## DIRECTIONS FOR THIS TASK
Look through the entries below for the line that contains "Серебряное колье с фианитами, емаллю", then set down that line and each one after it exactly, through the last.

## GIVEN ENTRIES
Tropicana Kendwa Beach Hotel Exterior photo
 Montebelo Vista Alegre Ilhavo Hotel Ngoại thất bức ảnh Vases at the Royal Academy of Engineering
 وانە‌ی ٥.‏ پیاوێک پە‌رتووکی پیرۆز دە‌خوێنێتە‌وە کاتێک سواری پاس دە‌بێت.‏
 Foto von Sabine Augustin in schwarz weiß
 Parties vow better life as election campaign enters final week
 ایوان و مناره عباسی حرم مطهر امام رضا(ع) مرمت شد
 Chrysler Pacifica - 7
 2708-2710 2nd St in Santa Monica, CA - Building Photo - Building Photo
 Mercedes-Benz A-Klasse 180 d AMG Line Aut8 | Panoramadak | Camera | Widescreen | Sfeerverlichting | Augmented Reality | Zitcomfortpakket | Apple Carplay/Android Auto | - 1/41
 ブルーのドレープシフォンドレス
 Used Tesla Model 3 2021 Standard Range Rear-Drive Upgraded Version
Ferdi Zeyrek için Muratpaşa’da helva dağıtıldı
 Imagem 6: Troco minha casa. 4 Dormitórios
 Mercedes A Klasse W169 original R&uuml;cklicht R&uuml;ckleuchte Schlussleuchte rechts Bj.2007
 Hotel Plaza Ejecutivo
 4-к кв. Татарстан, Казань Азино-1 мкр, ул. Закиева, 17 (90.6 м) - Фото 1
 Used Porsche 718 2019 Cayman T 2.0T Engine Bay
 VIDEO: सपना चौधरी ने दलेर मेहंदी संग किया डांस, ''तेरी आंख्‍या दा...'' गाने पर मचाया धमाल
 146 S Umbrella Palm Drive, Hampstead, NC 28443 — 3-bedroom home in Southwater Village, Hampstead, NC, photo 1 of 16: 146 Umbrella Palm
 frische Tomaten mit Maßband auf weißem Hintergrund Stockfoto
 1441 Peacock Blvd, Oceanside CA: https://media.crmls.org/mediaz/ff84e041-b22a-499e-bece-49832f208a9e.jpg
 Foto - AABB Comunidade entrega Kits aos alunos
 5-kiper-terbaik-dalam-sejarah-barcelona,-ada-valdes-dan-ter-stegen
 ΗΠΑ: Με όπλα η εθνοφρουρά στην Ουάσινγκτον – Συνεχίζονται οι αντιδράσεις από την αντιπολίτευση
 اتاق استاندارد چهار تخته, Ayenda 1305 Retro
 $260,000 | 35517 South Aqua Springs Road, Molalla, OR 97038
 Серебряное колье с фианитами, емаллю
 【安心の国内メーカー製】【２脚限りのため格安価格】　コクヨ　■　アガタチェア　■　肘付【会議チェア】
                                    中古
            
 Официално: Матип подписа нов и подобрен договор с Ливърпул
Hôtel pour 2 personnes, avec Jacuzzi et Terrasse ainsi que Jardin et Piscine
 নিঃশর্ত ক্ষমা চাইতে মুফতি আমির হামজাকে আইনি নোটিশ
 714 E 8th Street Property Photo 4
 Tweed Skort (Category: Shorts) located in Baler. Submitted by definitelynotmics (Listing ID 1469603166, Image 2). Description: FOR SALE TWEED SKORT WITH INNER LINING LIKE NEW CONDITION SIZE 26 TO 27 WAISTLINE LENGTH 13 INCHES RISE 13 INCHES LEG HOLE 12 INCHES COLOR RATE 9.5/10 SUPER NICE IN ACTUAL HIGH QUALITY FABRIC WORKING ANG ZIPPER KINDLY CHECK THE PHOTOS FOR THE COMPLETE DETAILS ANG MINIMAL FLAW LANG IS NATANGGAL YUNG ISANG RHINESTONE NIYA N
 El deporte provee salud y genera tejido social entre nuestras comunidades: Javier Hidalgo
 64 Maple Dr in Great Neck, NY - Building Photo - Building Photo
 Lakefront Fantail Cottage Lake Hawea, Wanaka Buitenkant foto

## ANSWER TO THE EXERCISE
 Серебряное колье с фианитами, емаллю
 【安心の国内メーカー製】【２脚限りのため格安価格】　コクヨ　■　アガタチェア　■　肘付【会議チェア】
                                    中古
            
 Официално: Матип подписа нов и подобрен договор с Ливърпул
Hôtel pour 2 personnes, avec Jacuzzi et Terrasse ainsi que Jardin et Piscine
 নিঃশর্ত ক্ষমা চাইতে মুফতি আমির হামজাকে আইনি নোটিশ
 714 E 8th Street Property Photo 4
 Tweed Skort (Category: Shorts) located in Baler. Submitted by definitelynotmics (Listing ID 1469603166, Image 2). Description: FOR SALE TWEED SKORT WITH INNER LINING LIKE NEW CONDITION SIZE 26 TO 27 WAISTLINE LENGTH 13 INCHES RISE 13 INCHES LEG HOLE 12 INCHES COLOR RATE 9.5/10 SUPER NICE IN ACTUAL HIGH QUALITY FABRIC WORKING ANG ZIPPER KINDLY CHECK THE PHOTOS FOR THE COMPLETE DETAILS ANG MINIMAL FLAW LANG IS NATANGGAL YUNG ISANG RHINESTONE NIYA N
 El deporte provee salud y genera tejido social entre nuestras comunidades: Javier Hidalgo
 64 Maple Dr in Great Neck, NY - Building Photo - Building Photo
 Lakefront Fantail Cottage Lake Hawea, Wanaka Buitenkant foto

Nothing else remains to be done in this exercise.